Sunday, August 6, 2023

How to Batch Import Huge CSV Fast using PHP (Million Records in Seconds)

I know, I know! How can you put PHP and Fast in the same line? I would say, you are stuck in the past. You should try PHP 7 and experience it yourself. There will be a lot of criticism for this article. Kindly read through.

LOAD DATA INFILE is the best option to import a huge CSV file. In this article we are going to see how we are going to read a CSV file and INSERT records via PHP script. This can be used in such a special case.

In general PHP will not have such use cases. But you never know, when you will come across such a situation, a client requirement can come any time. When you are a “freelance programmer” (not playing a consultant role), you will be thrust upon with all sorts of crazy requirements.

Huge CSV Import PHP

I have written an article about all things CSV in PHP. You should go through that to learn about handling CSV files in PHP.

I am well aware about the micro-benchmarking and its pitfalls. So, I didn’t go in that direction for this articles. That’s why I have given in the title as just seconds. It’s an approximation. This is not for people who are going to see in micro, nano seconds.

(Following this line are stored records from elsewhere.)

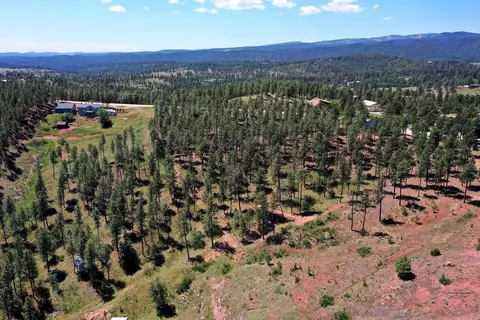 13752 Borglum Rd, Keystone, SD 57751 photo 13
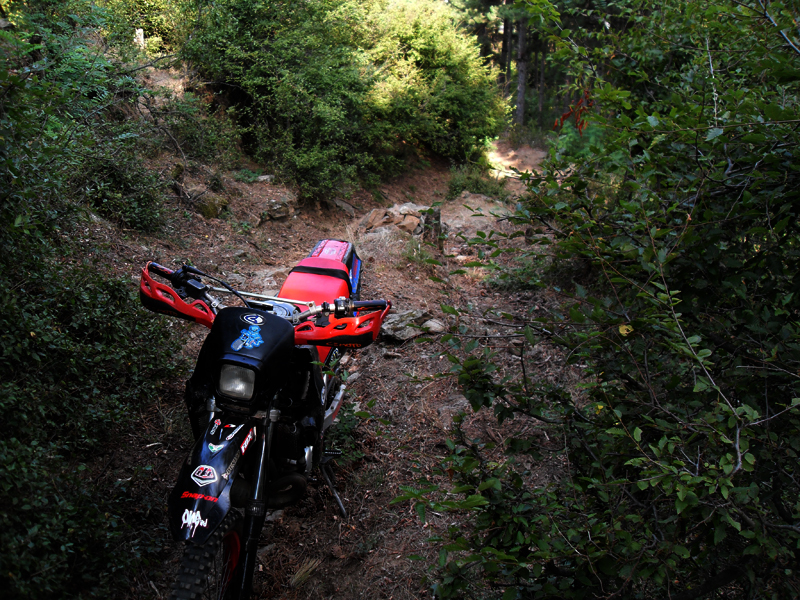 Натиснете снимката за да я уголемите

Име:SDC12892.JPG
Прегледи:1
Размер:620.7 КБ
ID:5400888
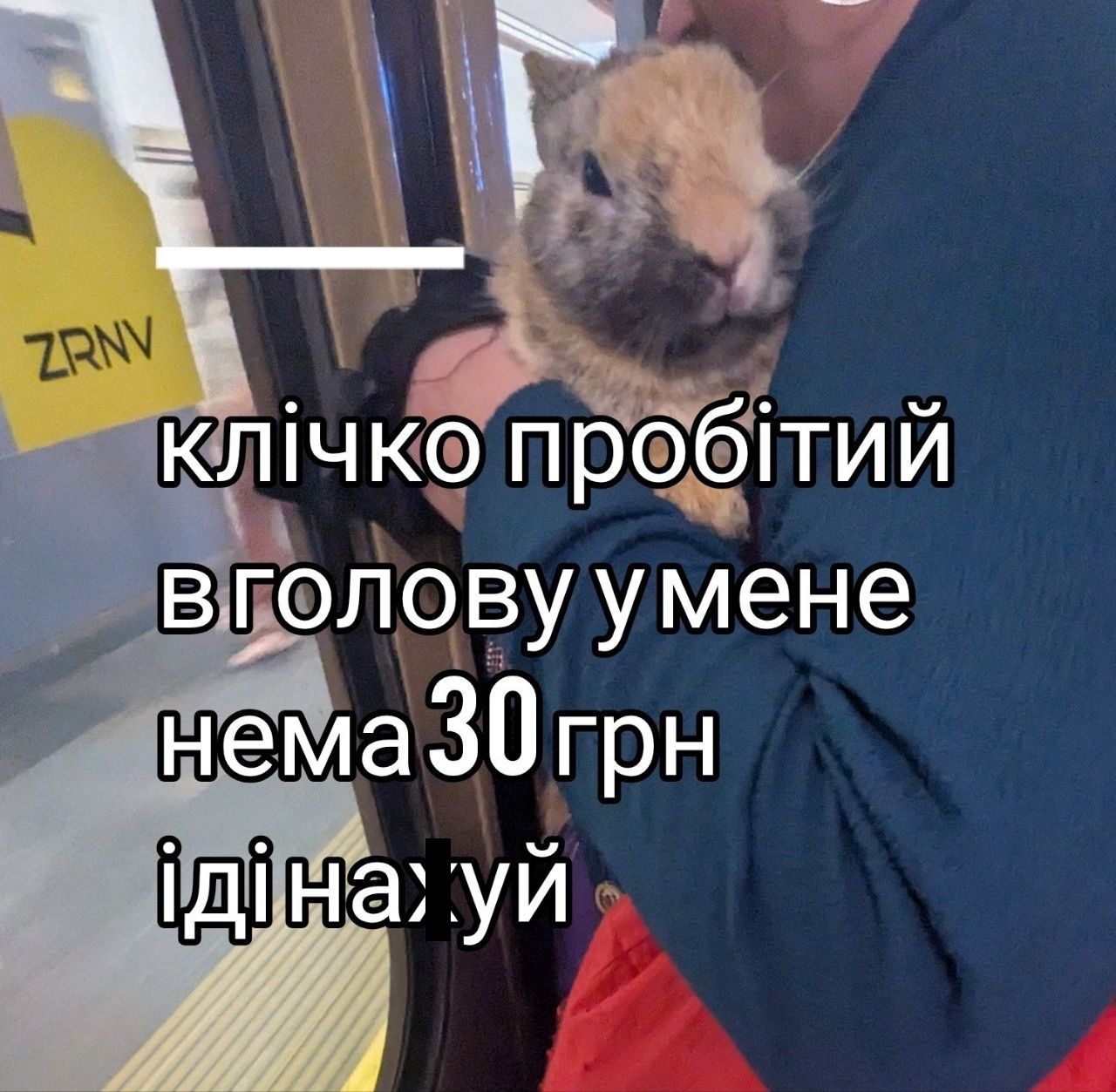 Кияни скористалися метро за 30 грн, і ось їхня чесна реакція в мемах - 887746 Кияни скористалися метро за 30 грн, і ось їхня чесна реакція в мемах - фото 887746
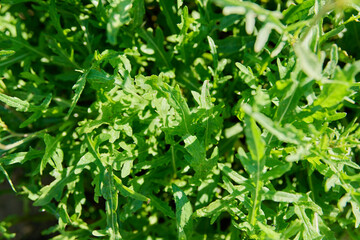 Top view closeup of arugula leaves in sunlight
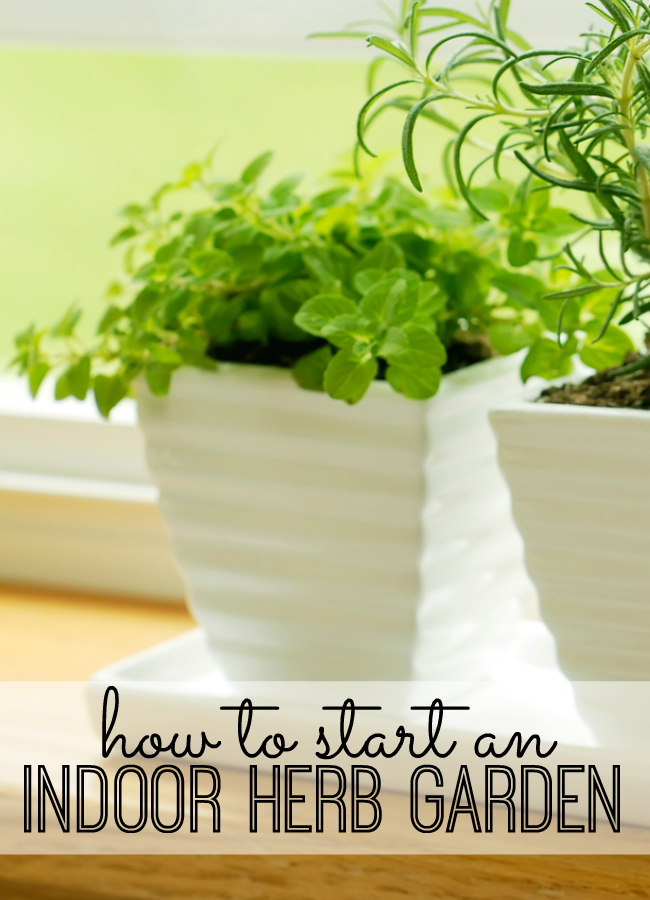 How to Start an Indoor Herb Garden My Life and Kids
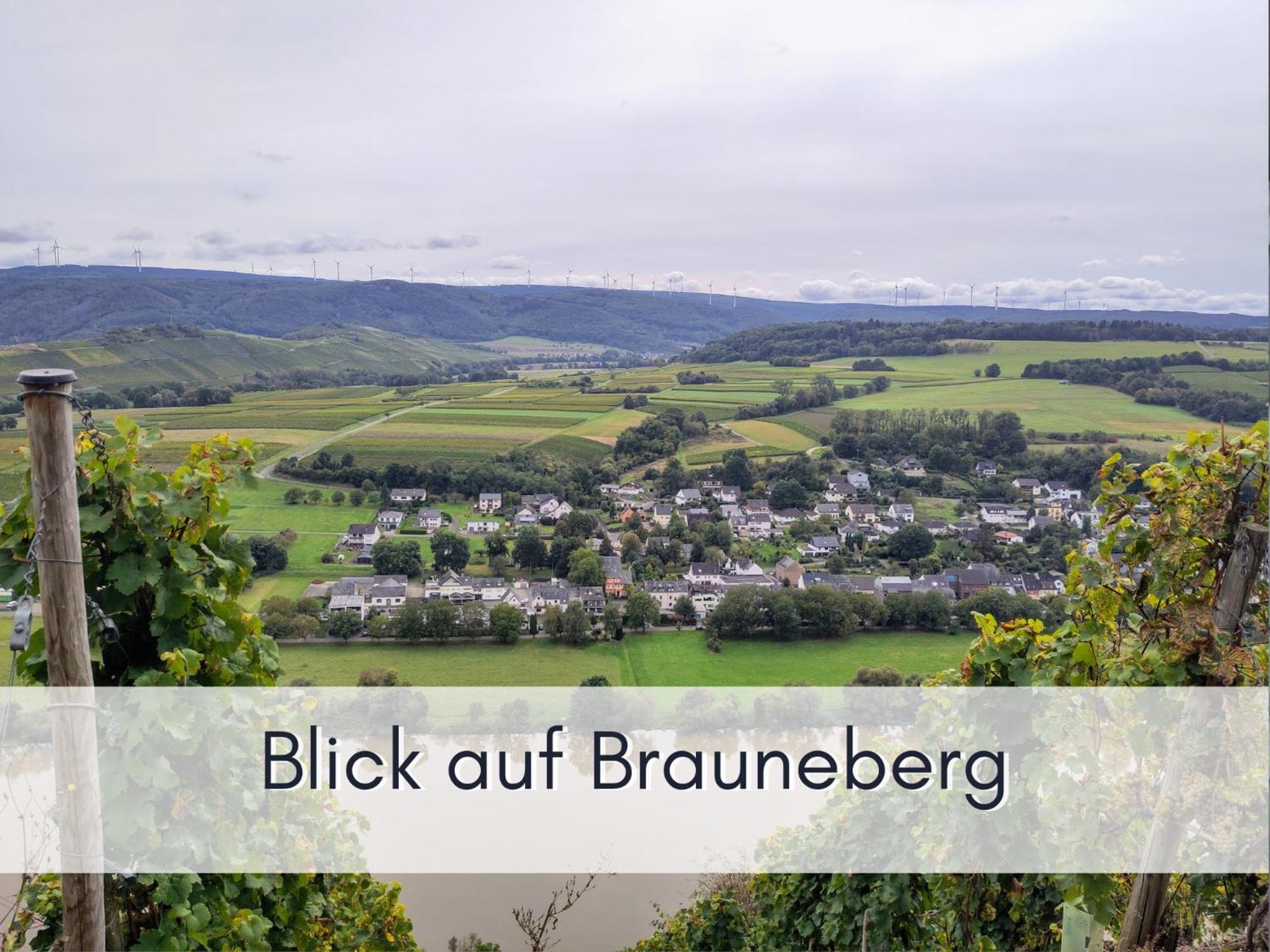 Komfort Fewo L Moselstay L Maximal 4 Personen Und Baby I Brauneberg Mosel I Wifi I Exterior photo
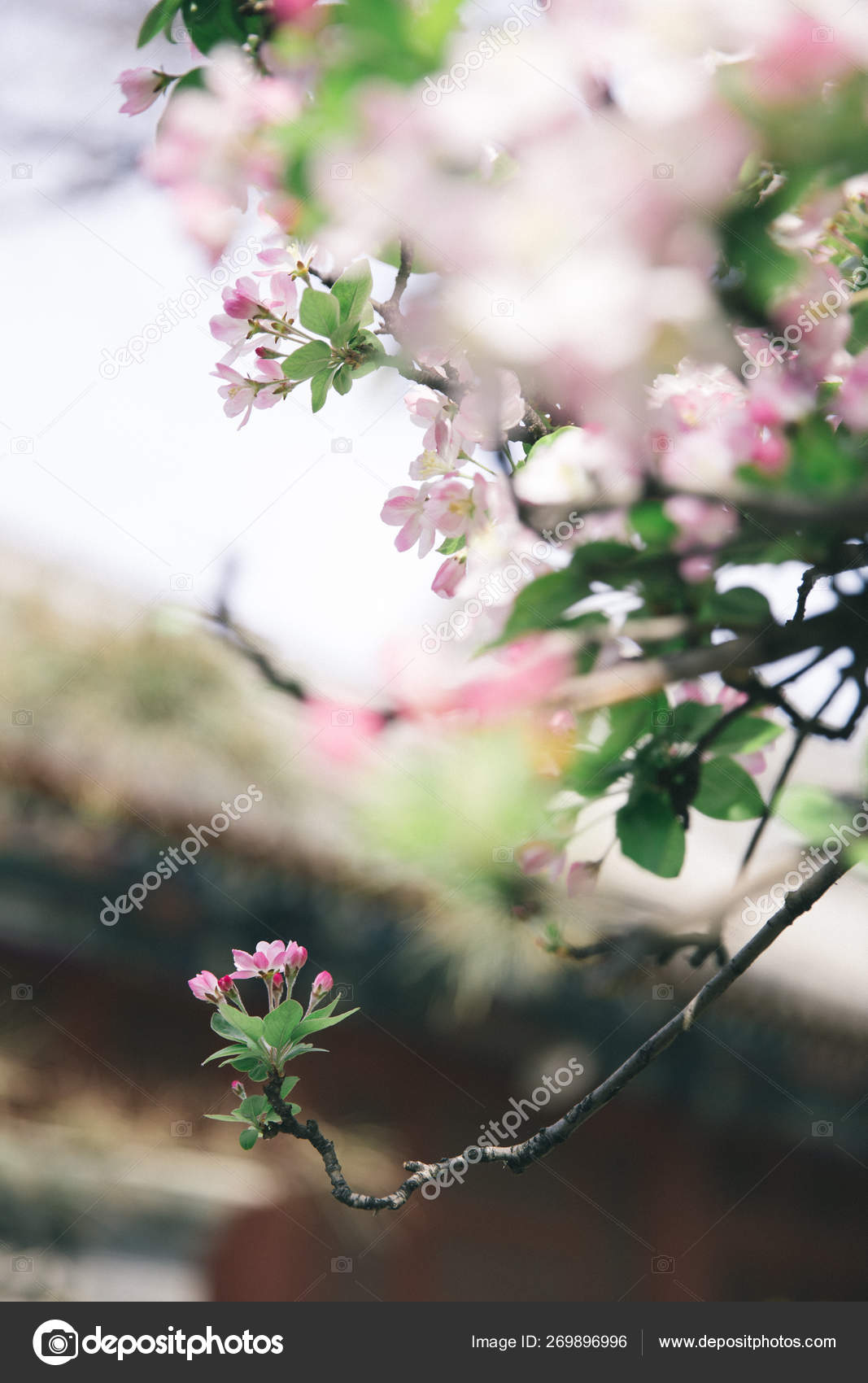 Las Flores Lila Begonia Templo Fayuan: fotografía de stock ©  Imaginechina-Tuchong #269896996 | Depositphotos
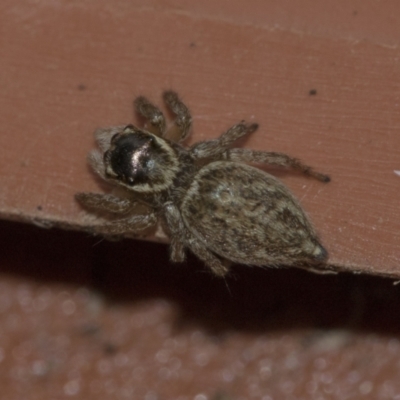 Maratus griseus (Jumping spider) at Higgins, ACT - 28 Dec 2019 by AlisonMilton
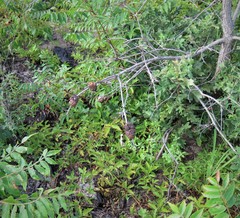 Disholcaspis spongiosa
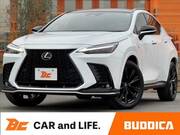 2024 LEXUS NX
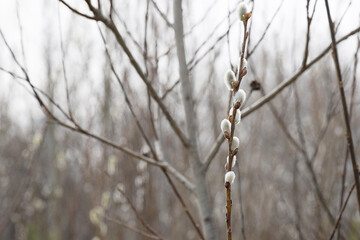 Blooming Willows Branch with Fluffy Buds in Early Spring.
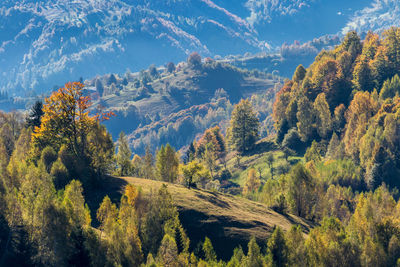Scenic view of forest during autumn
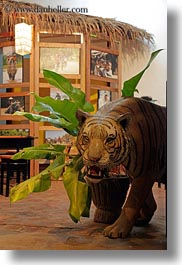 images/Asia/Laos/LuangPrabang/Animals/tiger-in-store.jpg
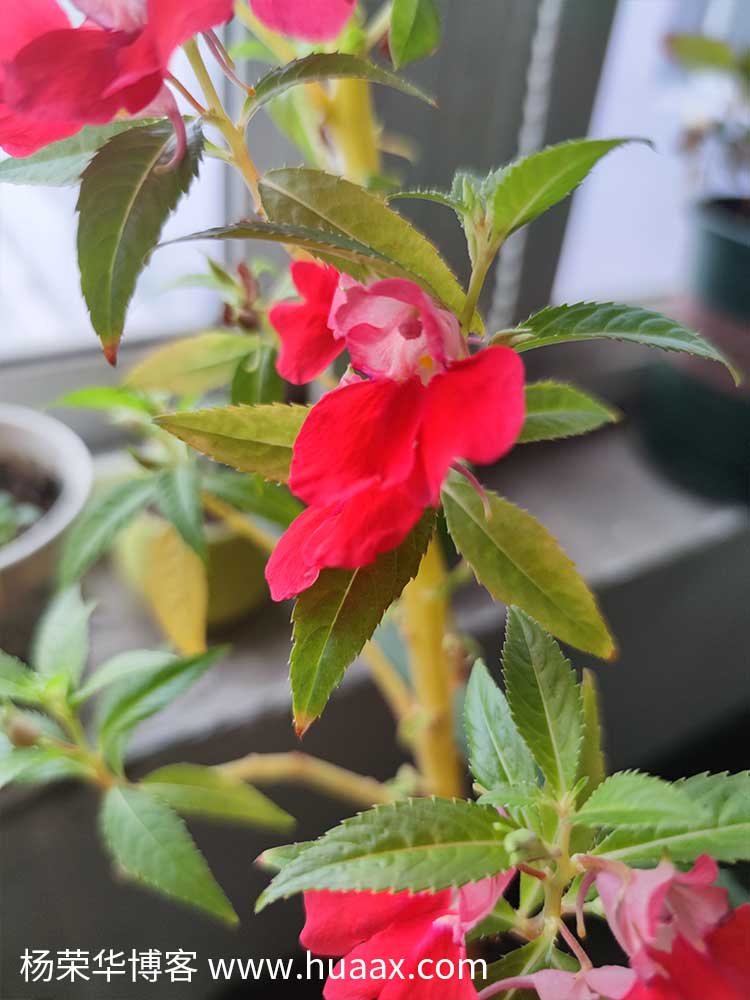 指甲花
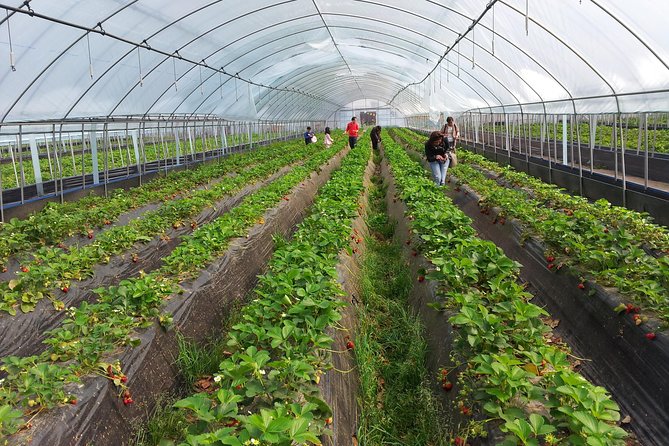 [Perfect Private Tour] Nami island, Petite France and Organic Strawberry Farm - Aram Berry Farm: organic strawberry picking and eating right away
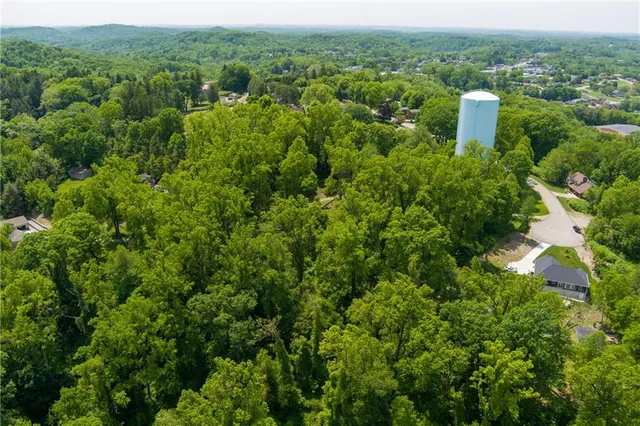 an aerial view of a house with a yard and large trees
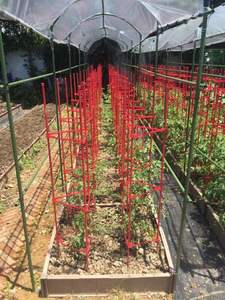 Varillas de fibra de vidrio anti-UV y Antienvejecimiento GRP FRP y estacas para plantas para verduras - Product Image 6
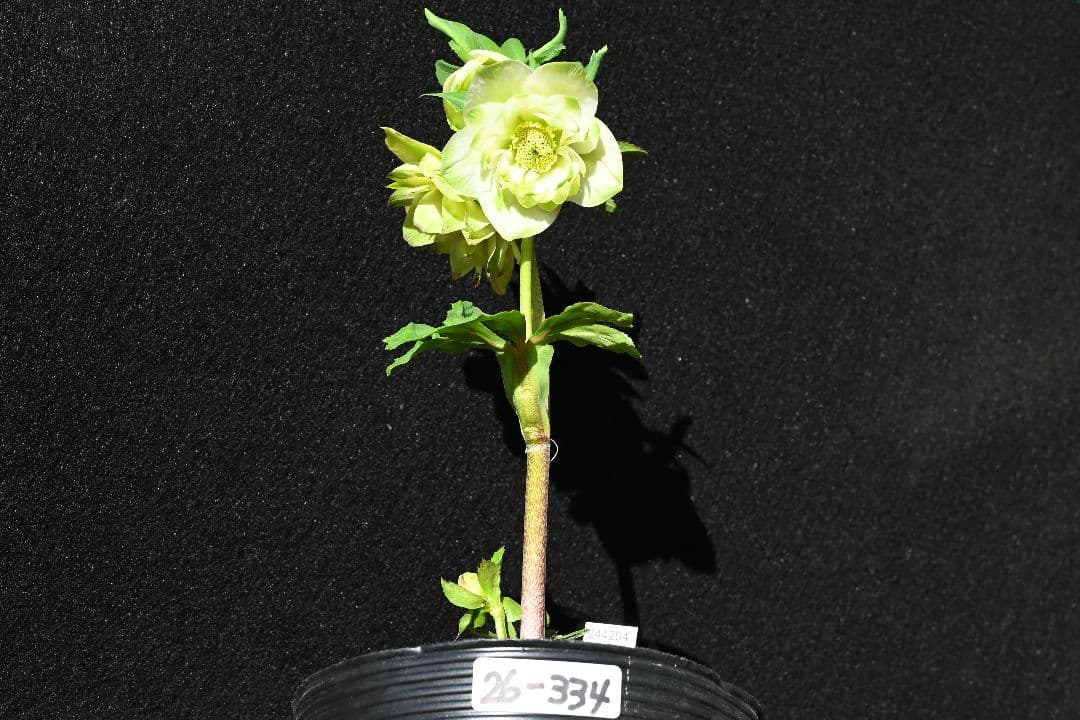 クリスマスローズ　最新花　ddグリーンリップ　加藤農園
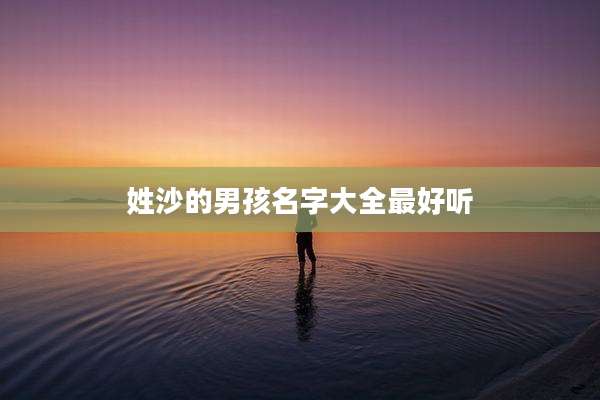 姓沙的男孩名字大全最好听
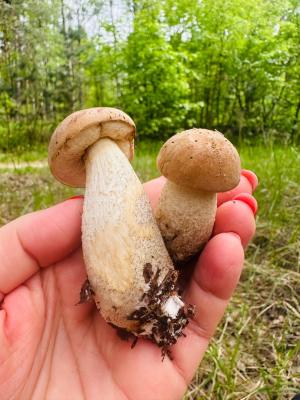 Фото: группа «Грибы и Грибники Рязанской области» в соцсети «ВКонтакте»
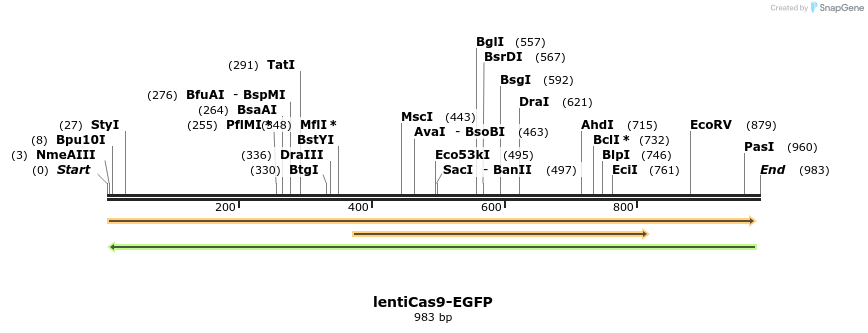 108294_map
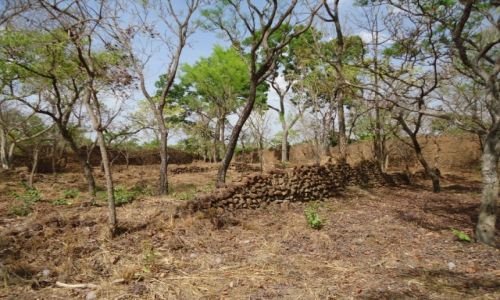 Zdjcie BURKINA FASO / Poni / Loropeni / Ruiny Loropeni (3)
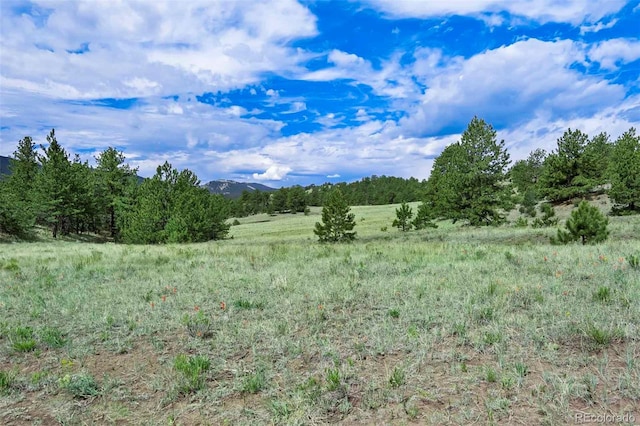 TRACT8 County Road 102, Guffey, CO 80820 - photo 3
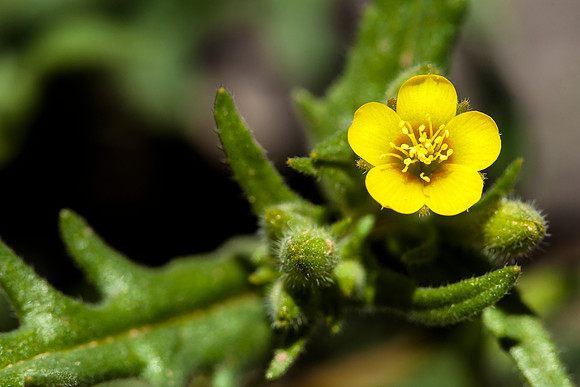 Mentzelia albicaulis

If you want to insert a million records in few seconds, using PHP script programmatically, then this will definitely help. The use case is rare and so the solution. You may have to do some tweaks here and there in this sample code to fit for your case.

<?php

function file_get_contents_chunked($link, $file, $chunk_size, $queryValuePrefix, $callback)
{
    try {
        $handle = fopen($file, "r");
        $i = 0;
        while (! feof($handle)) {
            call_user_func_array($callback, array(
                fread($handle, $chunk_size),
                &$handle,
                $i,
                &$queryValuePrefix,
                $link
            ));
            $i ++;
        }
        fclose($handle);
    } catch (Exception $e) {
        trigger_error("file_get_contents_chunked::" . $e->getMessage(), E_USER_NOTICE);
        return false;
    }

    return true;
}
$link = mysqli_connect("localhost", "root", "pass", "huge-csv");
$success = file_get_contents_chunked($link, "sample-dataset.csv", 2048, '', function ($chunk, &$handle, $iteration, &$queryValuePrefix, $link) {
    $TABLENAME = 'tbl_lead';
    $chunk = $queryValuePrefix . $chunk;

    // split the chunk of string by newline. Not using PHP's EOF
    // as it may not work for content stored on external sources
    $lineArray = preg_split("/\r\n|\n|\r/", $chunk);
    $query = 'INSERT INTO ' . $TABLENAME . '(id, name, email) VALUES ';
    $numberOfRecords = count($lineArray);
    for ($i = 0; $i < $numberOfRecords - 2; $i ++) {
        // split single CSV row to columns
        $colArray = explode(',', $lineArray[$i]);
        $query = $query . '(' . $colArray[0] . ',"' . $colArray[1] . '","' . $colArray[2] . '"),';
    }
    // last row without a comma
    $colArray = explode(',', $lineArray[$i]);
    $query = $query . '(' . $colArray[0] . ',"' . $colArray[1] . '","' . $colArray[2] . '")';
    $i = $i + 1;

    // storing the last truncated record and this will become the
    // prefix in the next run
    $queryValuePrefix = $lineArray[$i];
    mysqli_query($link, $query) or die(mysqli_error($link));

    /*
     * {$handle} is passed in case you want to seek to different parts of the file
     * {$iteration} is the section of the file that has been read so
     * ($i * 4096) is your current offset within the file.
     */
});

if (! $success) {
    // It Failed
}

Two main things to note are,

  1. Read the file in chunks (batch).
  2. Insert multiple records in a single insert statement.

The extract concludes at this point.